これから登場を待つのがミイラ男に半魚人、吸血鬼?全然期待がわいてこない顔ぶれだ。
「ハムナプトラ」は別に好きな作品ではないが、
その後に柳の下の泥鰌を狙う続編こそつくられることにはなったが、一応作品単位で完結している。
オイオイと説明されるのかもしれないが、現時点では異物としか感じないジキルとハイドやら、
悪を識別、分析、拘束、破壊を目的とした秘密組織プロディジウム(設定自体が時代遅れで意味不明)
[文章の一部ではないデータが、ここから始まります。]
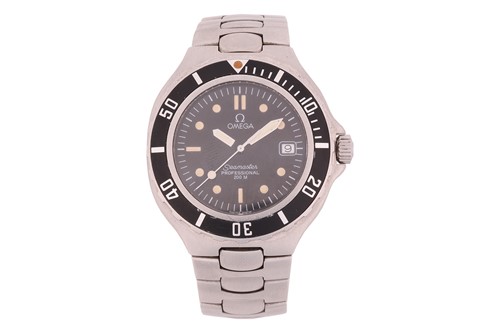 Lot 202 - An Omega Seamaster professional 200m diving...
が唐突に挿入されるプロットは、説明不足で構成自体がボロボロだ。
トム・クルーズがお抱えの信頼筋クリストファー・マッカリーを呼び、手直ししたという話もあるが、
結果は成果に至らず、散漫な展開となっている。
ミイラが蘇って、呪術で世界を征服をするってんも今更感炸裂で月並みなのだけど、
大都市を襲い、混乱させるという光景をいったい何度見たことか。
オイオイ、またロンドンかよ!
またしても飛行機から脱出劇、またしても襲い掛かる砂嵐から逃げながらいつもの姿勢よく、
手を上下に動かすアスリートのようなくトム走りと全編に配した見せ場に目新しさは皆無。
「キングスメン」の敵役が印象的だったミイラ王女ソフィア・ブテラの非人間感は悪くないけど、
ラッセル・クロウがしでかすジキルとハイドの密室での変貌なんて、もう笑うしかない。
後々のシリーズユニバース)への(わざと説明しない)思わせぶりがクドイ。
ダーク・ユニバースのスタートには、既にダークな暗雲がいっぱいに立ち込めており、幸先悪いぞ。